Aired November 16, 2015 - 16:30   ET


[16:30:10] JAKE TAPPER, CNN HOST: Welcome back to THE LEAD. I'm Jake Tapper reporting live from Paris.

You can see the scenes of grieving behind me at the Place de la Republique, where so many Parisians have come and others from outside Paris to pay their respects and grieve the 129 killed last Friday.

This is a nation still reeling in very real ways from Friday's horrific Islamist terrorist attacks. It's a nation still on edge, with a possible eighth terrorist still on the loose.

At the G20 summit in Turkey earlier today, President Obama vowed to defeat and to destroy ISIS. He called the group the face of evil. Cameras captured Mr. Obama huddling on the sidelines earlier with Russian President Vladimir Putin discussing, we're told, both countries' role in the anti-ISIS campaign.

CNN senior White House correspondent Jim Acosta is traveling with the president. He filed this report.


JIM ACOSTA, CNN SENIOR WHITE HOUSE CORRESPONDENT (voice-over): On the defensive, but staying the course, President Obama responded to the attacks in Paris, determined to keep and expand his plan to defeat ISIS.

BARACK OBAMA, PRESIDENT OF THE UNITED STATES: There will be an intensification of the strategy that we put forward, but the strategy that we are putting forward is the strategy that ultimately is going to work. But, as I said from the start, it's going to take time.

ACOSTA: The president responded to critics who insist he's not fighting hard enough to destroy the terrorist army, arguing those detractors are proposing what he's already doing.

OBAMA: Folks want to pop off and have opinions about what they think they would do, present a specific plan.

ACOSTA: But Mr. Obama brushed off calls to pour thousands of U.S. troops into Iraq and Syria, saying that would only repeat past mistakes.

The president was visibly annoyed that his strategy was even questioned.

(on camera): Why can't we take out these bastards?

OBAMA: Well, Jim, I just spent the last three questions answering that very question. We can retake territory. And as long as we leave our troops there, we can hold it. But that does not solve the underlying problem of eliminating the dynamics that are producing these kinds of violent extremist groups.

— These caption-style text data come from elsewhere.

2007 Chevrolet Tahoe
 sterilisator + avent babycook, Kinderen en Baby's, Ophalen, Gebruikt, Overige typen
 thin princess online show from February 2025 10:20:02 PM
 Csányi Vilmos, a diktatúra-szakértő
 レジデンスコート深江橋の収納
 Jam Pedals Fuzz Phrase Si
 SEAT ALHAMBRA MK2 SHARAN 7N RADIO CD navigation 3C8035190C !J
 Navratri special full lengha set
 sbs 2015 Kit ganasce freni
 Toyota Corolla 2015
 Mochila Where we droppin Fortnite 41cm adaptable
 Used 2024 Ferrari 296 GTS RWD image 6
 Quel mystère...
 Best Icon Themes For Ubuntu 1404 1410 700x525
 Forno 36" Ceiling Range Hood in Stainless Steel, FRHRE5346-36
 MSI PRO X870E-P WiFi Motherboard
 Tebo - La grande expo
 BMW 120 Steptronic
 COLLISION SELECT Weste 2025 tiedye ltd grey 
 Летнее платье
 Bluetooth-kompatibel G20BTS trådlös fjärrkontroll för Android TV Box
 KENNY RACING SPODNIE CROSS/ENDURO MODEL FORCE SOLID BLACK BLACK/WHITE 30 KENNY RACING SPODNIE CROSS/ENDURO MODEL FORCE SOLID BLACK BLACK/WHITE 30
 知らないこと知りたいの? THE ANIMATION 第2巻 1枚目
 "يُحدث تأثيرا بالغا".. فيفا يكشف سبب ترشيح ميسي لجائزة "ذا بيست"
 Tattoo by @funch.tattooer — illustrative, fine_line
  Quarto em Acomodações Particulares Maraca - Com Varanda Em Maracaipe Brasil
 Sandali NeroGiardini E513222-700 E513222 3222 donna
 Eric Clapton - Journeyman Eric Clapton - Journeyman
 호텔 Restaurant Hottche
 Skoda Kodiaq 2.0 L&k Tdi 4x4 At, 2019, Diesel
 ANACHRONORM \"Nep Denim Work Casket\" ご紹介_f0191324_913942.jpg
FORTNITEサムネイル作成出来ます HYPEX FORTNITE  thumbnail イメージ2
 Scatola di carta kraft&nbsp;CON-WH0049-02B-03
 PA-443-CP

ACOSTA (voice-over): The president also defended the assessment he made just days before the attacks in France, that ISIS had been contained, maintaining the terrorist army has lost ground. He denied that he misjudged ISIS from the start, despite once describing the group as the J.V. team.

OBAMA: There has been acute awareness on the part of my administration from the start that they would have the capabilities to potentially strike in the West.

ACOSTA: The president also weighed in on the discovery that at least one of the Paris attackers had posed as a Syrian refugee, insisting that the U.S. should not keep out those trying to flee ISIS.

OBAMA: Many of these refugees are the victims of terrorism themselves. That's what they're fleeing. Slamming the door in their faces would be a betrayal of our values.

ACOSTA: Without mentioning his critics by name, Mr. Obama snapped at Jeb Bush and Ted Cruz, who urged a focus on aiding Christian migrants.

OBAMA: When I hear folks say that, well, maybe we should just admit the Christians, but not the Muslims, we don't have religious tests to our compassion.

SEN. MARCO RUBIO (R-FL), PRESIDENTIAL CANDIDATE: What's the most responsible way to do that?

ACOSTA: The president also noted Marco Rubio, another GOP contender who's called for a halt of Syrian migrants to the U.S., is the son of Cuban refugees.

OBAMA: When some of those folks themselves come from families who benefited from protection when they were fleeing political persecution, that's shameful.

ACOSTA: Time and again, the president promised the White House along with the U.S. intelligence community is working urgently to thwart every possible threat to the homeland.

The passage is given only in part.